There are a few types of automated tests that are important for this sort of system:

  • Most important: Tests for the code path that actually populates data into the analytics tables. These are most important, because it can be very expensive to fix bugs in the logic that generates these tables (one basically needs to regenerate all of history for those tables), and these bugs are hard to discover. It’s worth taking the time to think about interesting corner cases and add them to the test suite.
  • Tests for the backend views code logic for extracting data from the database and serving it to clients.

For manual backend testing, it sometimes can be valuable to use ./manage.py dbshell to inspect the tables manually to check that things look right; but usually anything you feel the need to check manually, you should add some sort of assertion for to the backend analytics tests, to make sure it stays that way as we refactor.

LoggingCountStats

The system discussed above is designed primarily around the technical problem of showing useful analytics about things where the raw data is already stored in the database (e.g. Message, UserMessage). This is great because we can always backfill that data to the beginning of time, but of course sometimes one wants to do analytics on things that aren’t worth storing every data point for (e.g. activity data, request performance statistics, etc.). There is currently a reference implementation of a “LoggingCountStat” that shows how to handle such a situation.

Analytics UI development and testing

Setup and Testing

The main testing approach for the /stats page UI is manual testing. For UI testing, you want a comprehensive initial data set; you can use manage.py populate_analytics_db to set up, login as the shylock user, and then go to /stats.

Adding or editing /stats graphs

The relevant files are:

  • analytics/views.py: All chart data requests from the /stats page call get_chart_data in this file. The bottom half of this file (with all the raw sql queries) is for a different page (/activity), not related to /stats.
  • static/js/stats/stats.js: The JavaScript and Plotly code.
  • templates/analytics/stats.html
  • static/styles/stats.css and static/styles/portico.css: We are in the process of re-styling this page to use in-app css instead of portico css, but there is currently still a lot of portico influence.
  • analytics/urls.py: Has the URL routes; it’s unlikely you will have to modify this, including for adding a new graph.

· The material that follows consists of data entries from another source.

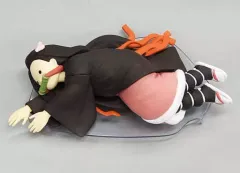 鬼滅の刃フタどめフィギュアセット　3体 鬼滅の刃 プレミアム ちょこのせフィギュア 3体セット 開封済み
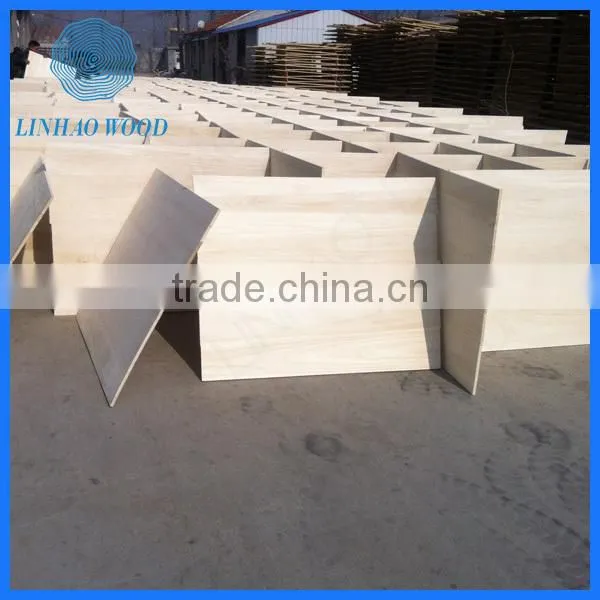 High Quality Edge Glued Paulownia Wood for Sale photo-5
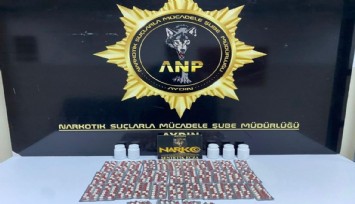 Efeler’de 75 Yaşındaki şahıstan uyuşturucu çıktı: Gözaltına alındı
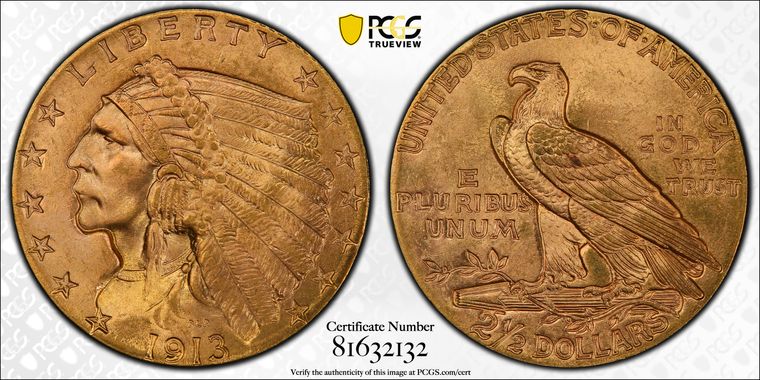 Cert 81632132 - Coin Image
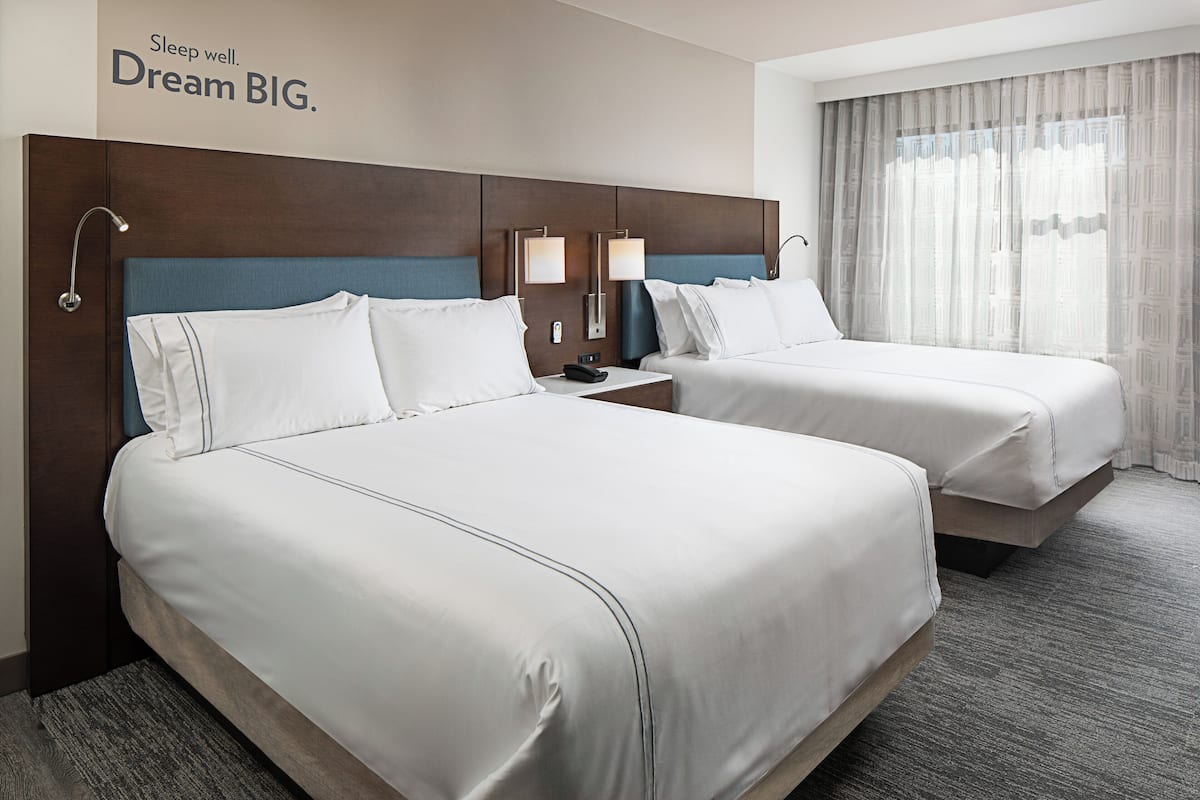 1 bedroom, hypo-allergenic bedding, in-room safe, desk
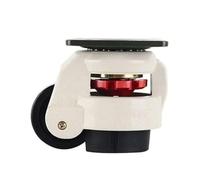 1pc GD-40F/40S/60F/60S/80F/80S/100F/100S Wheel Adjustment Casters Flat Support Heavy Duty Lndustrial(GD-100F)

Most of the code is self-explanatory, and for adding say a new graph, the answer to most questions is to copy what the other graphs do. It is easy when writing this sort of code to have a lot of semi-repeated code blocks (especially in stats.js); it’s good to do what you can to reduce this.

Tips and tricks:

  • Use $.get to fetch data from the backend. You can grep through stats.js to find examples of this.
  • The Plotly documentation is at https://plot.ly/javascript/ (check out the full reference, event reference, and function reference). The documentation pages seem to work better in Chrome than in Firefox, though this hasn’t been extensively verified.
  • Unless a graph has a ton of data, it is typically better to just redraw it when something changes (e.g. in the various aggregation click handlers) rather than to use retrace or relayout or do other complicated things. Performance on the /stats page is nice but not critical, and we’ve run into a lot of small bugs when trying to use Plotly’s retrace/relayout.
  • There is a way to access raw d3 functionality through Plotly, though it isn’t documented well.
  • ‘paper’ as a Plotly option refers to the bounding box of the graph (or something related to that).
  • You can’t right click and inspect the elements of a Plotly graph (e.g. the bars in a bar graph) in your browser, since there is an interaction layer on top of it. But if you hunt around the document tree you should be able to find it.